--- What to produce ---
Please, starting at the line that contains "Bộ 10 Kem dưỡng", reproduce every line exactly until the records run out, skipping all pictures.

--- Provided material ---
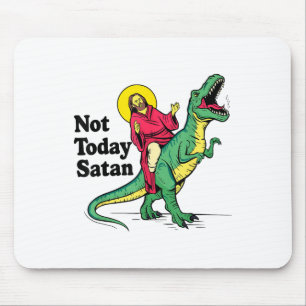 Niet vandaag Satan Jesus Riding Dinosaur Boys Kind Muismat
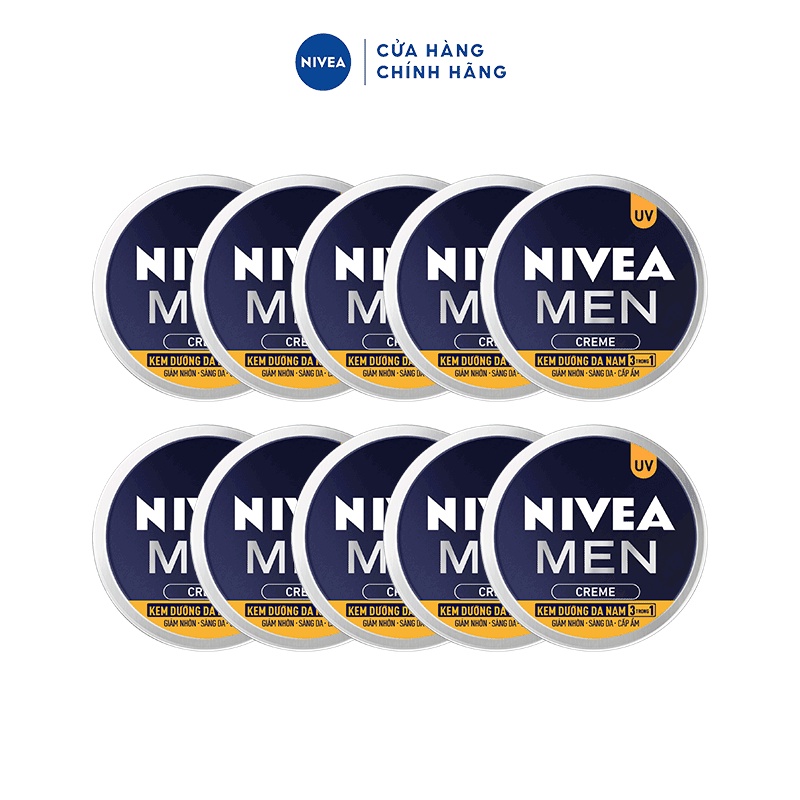 Bộ 10 Kem dưỡng da nam Nivea Men Creme 3 trong 1 30ml/ hộp - 83923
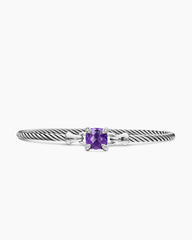 Chatelaine® Bracelet in Sterling Silver with Amethyst and Diamonds, 3mm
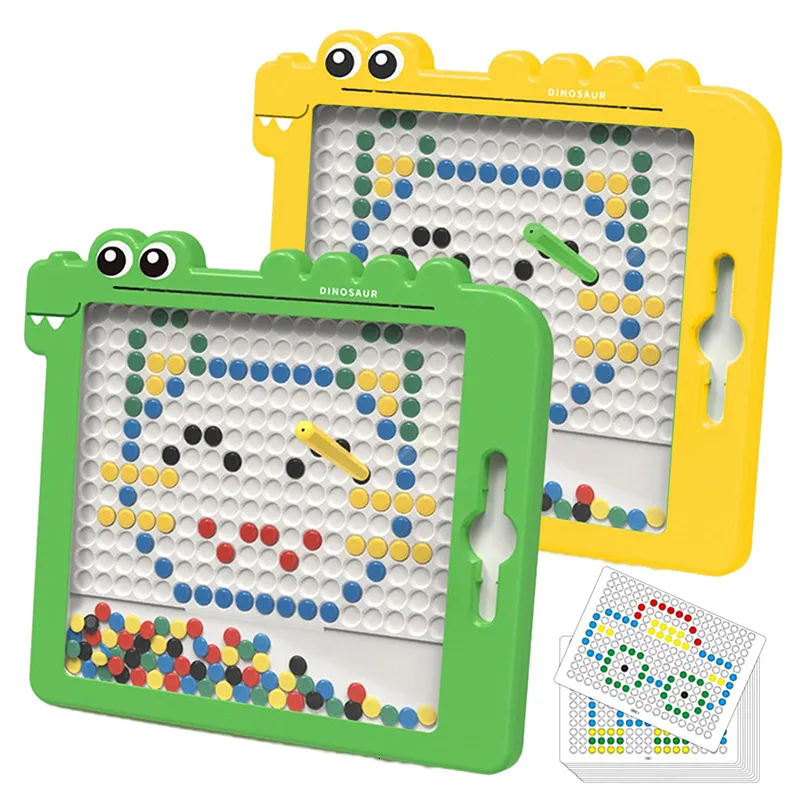 Intelligence toys Dinosaur Magnetic Drawing Board Toys Children's Color Beads Set Children's Graffiti Painting Games Early Learning Puzzle Toys 230619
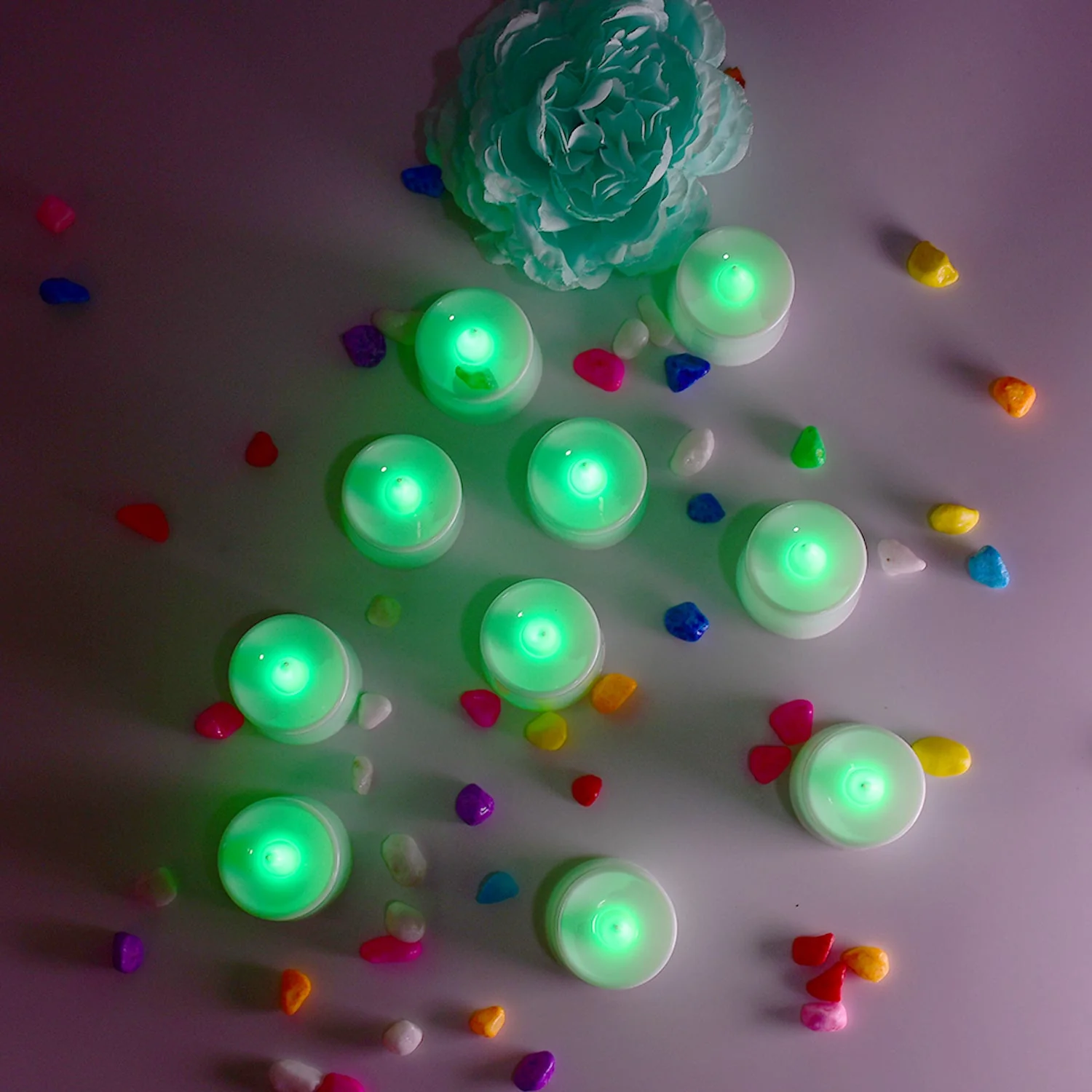 Green Flameless LED Tealights – Smokeless, Decorative | Styleva (Pack of 24) - Image 7
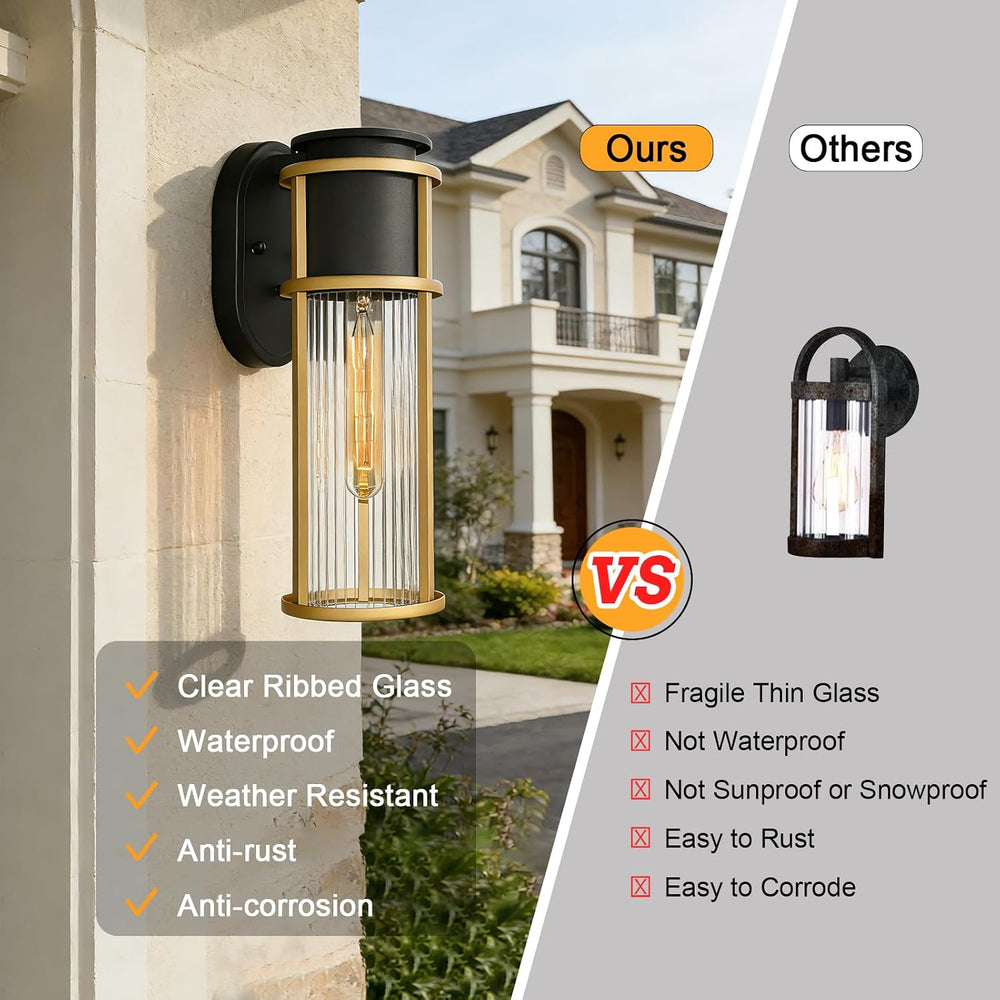 ALVIME 2 Pack Modern Gold & Black Outdoor Wall Sconces, 15 Inch Waterproo...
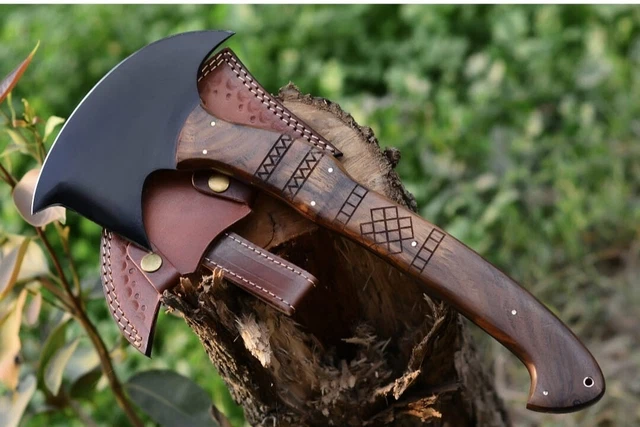 Hand-made Carbon Steel Tomahawk Axe Viking, Hand forged Throwing Axe Camping Axe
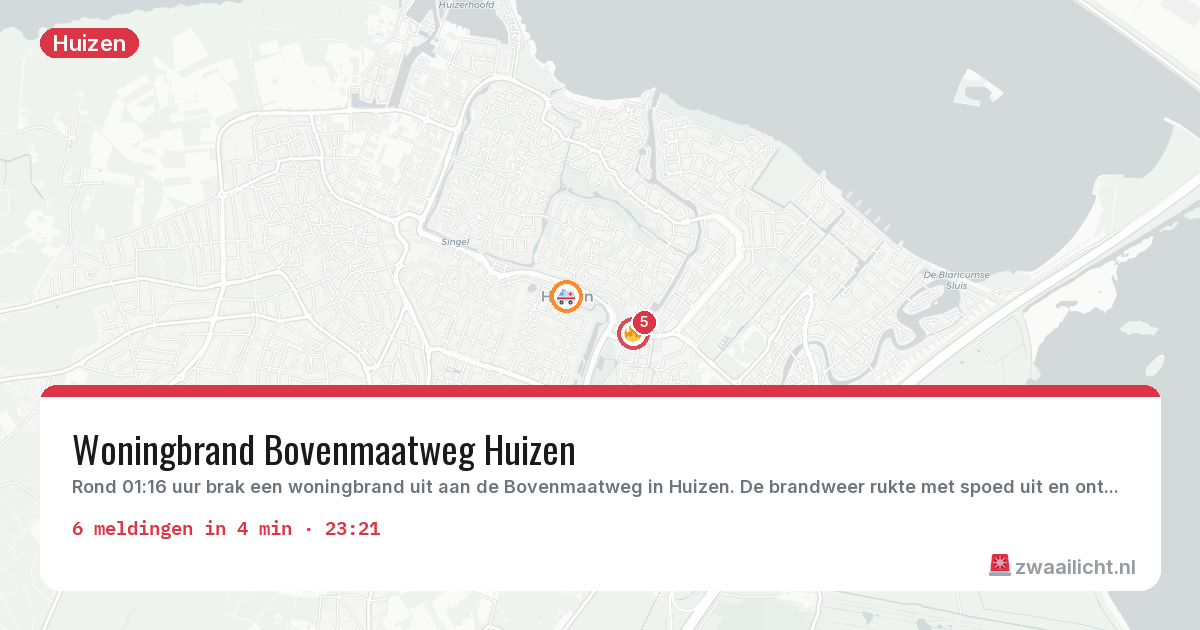 Kaart van de activiteitspiek bij Huizen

--- Answer area ---
 Bộ 10 Kem dưỡng da nam Nivea Men Creme 3 trong 1 30ml/ hộp - 83923
 Chatelaine® Bracelet in Sterling Silver with Amethyst and Diamonds, 3mm
 Intelligence toys Dinosaur Magnetic Drawing Board Toys Children's Color Beads Set Children's Graffiti Painting Games Early Learning Puzzle Toys 230619
 Green Flameless LED Tealights – Smokeless, Decorative | Styleva (Pack of 24) - Image 7
 ALVIME 2 Pack Modern Gold & Black Outdoor Wall Sconces, 15 Inch Waterproo...
 Hand-made Carbon Steel Tomahawk Axe Viking, Hand forged Throwing Axe Camping Axe
 Kaart van de activiteitspiek bij Huizen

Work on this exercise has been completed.